Essex marriages 1837 to the early 1960s now complete (as far as I am able) and moving on to Gloucestershire. There are over one thousand Blake marriages in Gloucestershire and I am interested to know if this will be flow into Gloucester from Somerset and Devon and Wiltshire or is it flow down from the upper midlands which is primarily Irish Blake families. It could also be a mixture of Irish/Welsh/Scot and English Blake families. As I move backwards into the early 1800s and the 1700s I will have a clearer picture but first the enormous task of the 1800s post 1837 and 1900s to examine and graph. That process has now begun as I started an excel file that will include all the Blake marriages in England by Registration District. This file will be less than 30,000 but the exact number is still unknown to me as there were duplicates in Free BMD and there were a small number of misplaced items although in the long run these do count in the total.

A milestone today as I celebrate my 67th birthday. Each day in our life is a gift of Almighty God and it is exactly 67 years to the day as I was born on a Sunday at noon so just a little past the 67 year mark now at 4:14 p.m. EDT. We spent the last couple of hours cleaning up the yard and that is an enormous task that will occupy us for a good month or so yet. We accomplished a great deal this summer although still have more leveling of patio brick stones to do and lots of painting outside. Probably spring will see us doing that unless we have a few nice days to work on the stones. But soon my hours will be directed towards transcription, preparation of Blake flat files to work on my one name study and some time on my Pincombe one name study.

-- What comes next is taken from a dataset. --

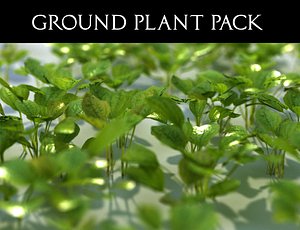 3D ground plant pack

I need to advertise the two yDNA studies that most interest me with regard to my families - Blake and Pincombe. I think that perhaps a write up on these families in the journals where these families lived might be a good plan and I shall look into that. I could also submit an article to the Guild of One Name Studies journal. Although I did not want to get involved in writing articles I need to reach members of the family in England and I do not want to send them letters directly. Although perhaps in time I might feel differently about that. It just seems a little intrusive but in reality probably really isn't. I am providing them with an opportunity to look at their family lines in a deep ancestral way and the cost of yDNA testing is not really all that expensive. If I could afford to set up 100 tests for anyone with a proven paper line back to particular ancestors I would like to do that but it will only happen if I win the lottery!

I believe I will try to get back to transcription of wills starting tomorrow and it will be Blake wills once again and I am still working on Hampshire wills.